TRAVELLING THE GREAT ROAD

I come across Zen writing that speaks to me. Venerable Juching's poem goes like this:
The Great Road has no gate.
It begins in your own mind.
The sky has no marked trails,
yet it finds its way to your nostrils
and becomes your breath.
Somehow we meet like tricksters
or bandits of dharma.
Ah! The great house comes tumbling down.
Astonished, maple leaves fly and scatter.
No longer in residence at the Zen Center, no longer having a regular sitting group, I take to the Great Road where there are no marked trails.  Students appear, often in cyberspace, and somehow we meet: in person, by Skype, by the Perfection of Wisdom, the Lovely, the Holy.

And so it goes. Finding an audience for this tumbled-down priest with threadbare robes-along with a sparkling new brown rakusu sewn by one of my far-flung students, signed by Sojun Roshi- is a matter for tricksters or bandits.

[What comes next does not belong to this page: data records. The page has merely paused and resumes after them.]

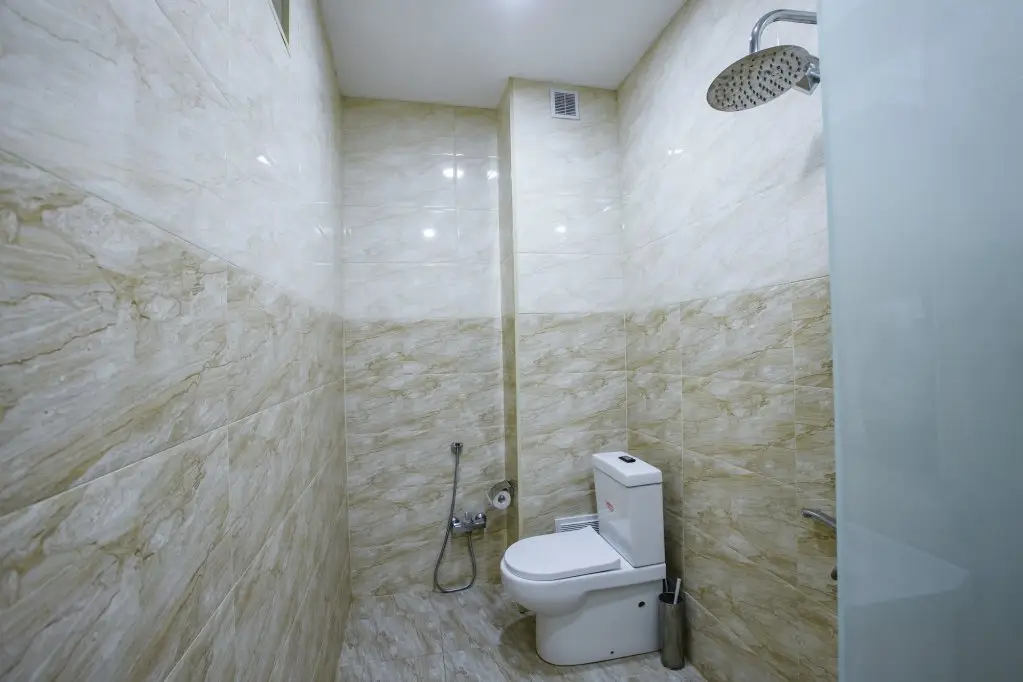 Баку: ART Hotel Baku
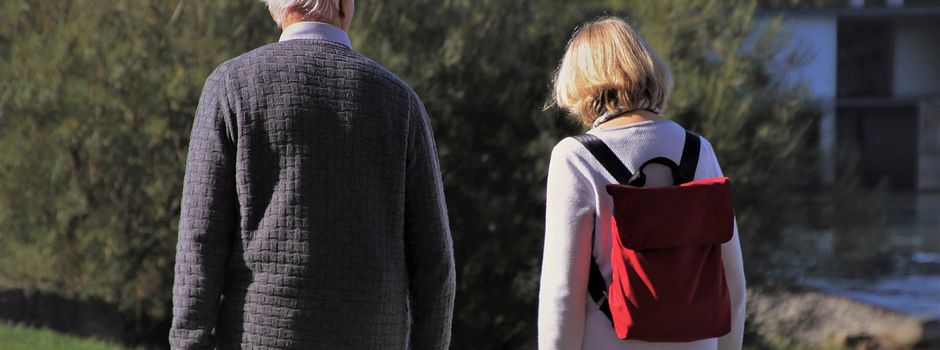Kurs zur Sturzprophylaxe
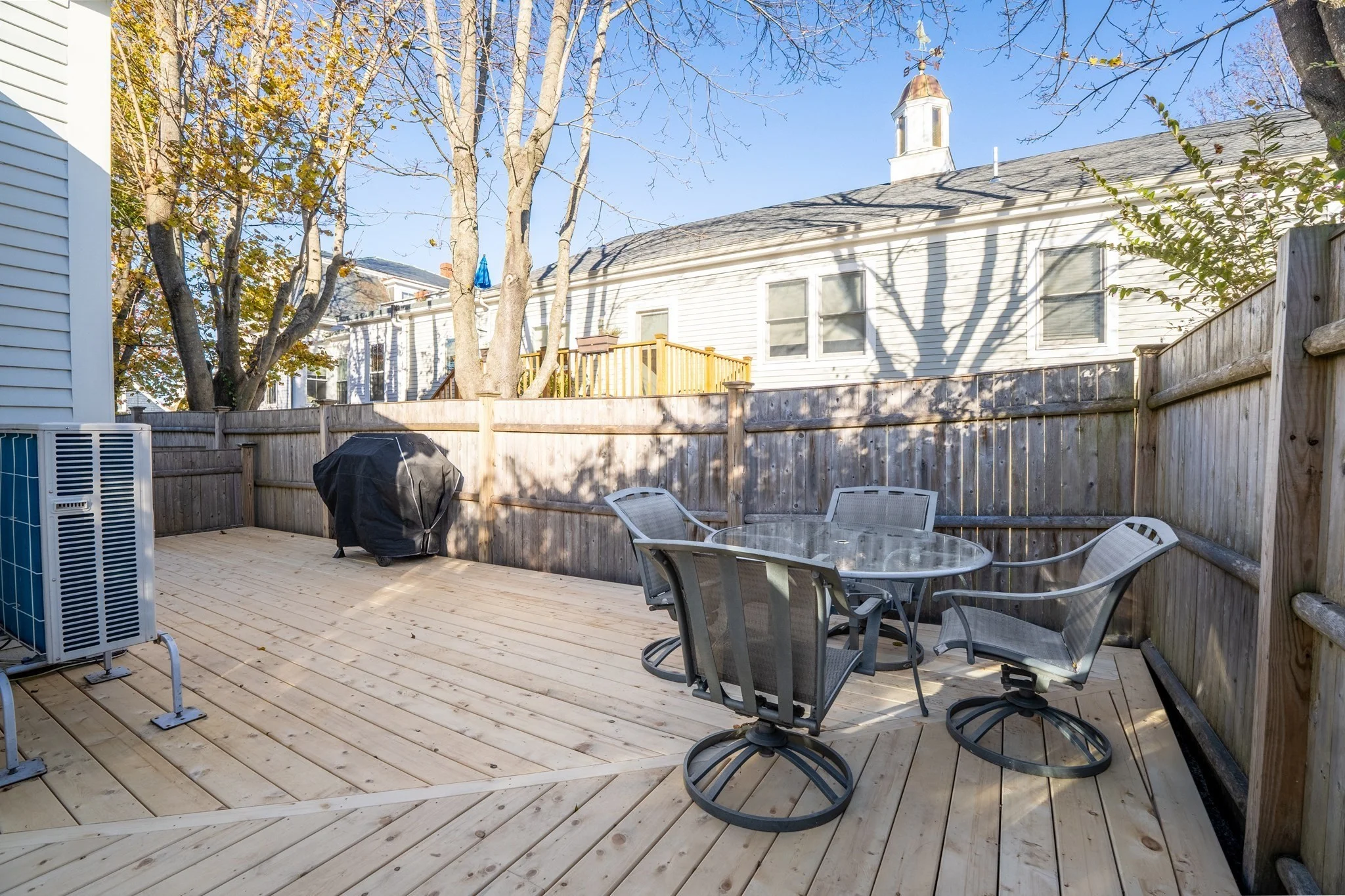 1 bed, 1 bath apartment for rent at 11 Broadway Ave Unit C, Rockport — photo 19 of 23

This message from the airport in Frankfurt, as I head for two and a half months in the Czeska Republika, Germany, and Austria: people and places that welcome me -- including for the first time in my ancestral Czech homelands, visiting where my mother Frantiska's parents were born, and leading a meditation retreat at the Village House.

As always relying on my beloved teacher Suzuki Roshi, who said: "Some of you are trying to be good Zen students. Why don't you be yourself. I'll get to know you better that way."

And for the maple leaves flying and scattering, here's a fragment of Raymond Carver that the wind brought my way:
And did you get what you wanted from this life, even so?
I did.
And what did you want?
To call myself beloved, to feel myself beloved on the earth.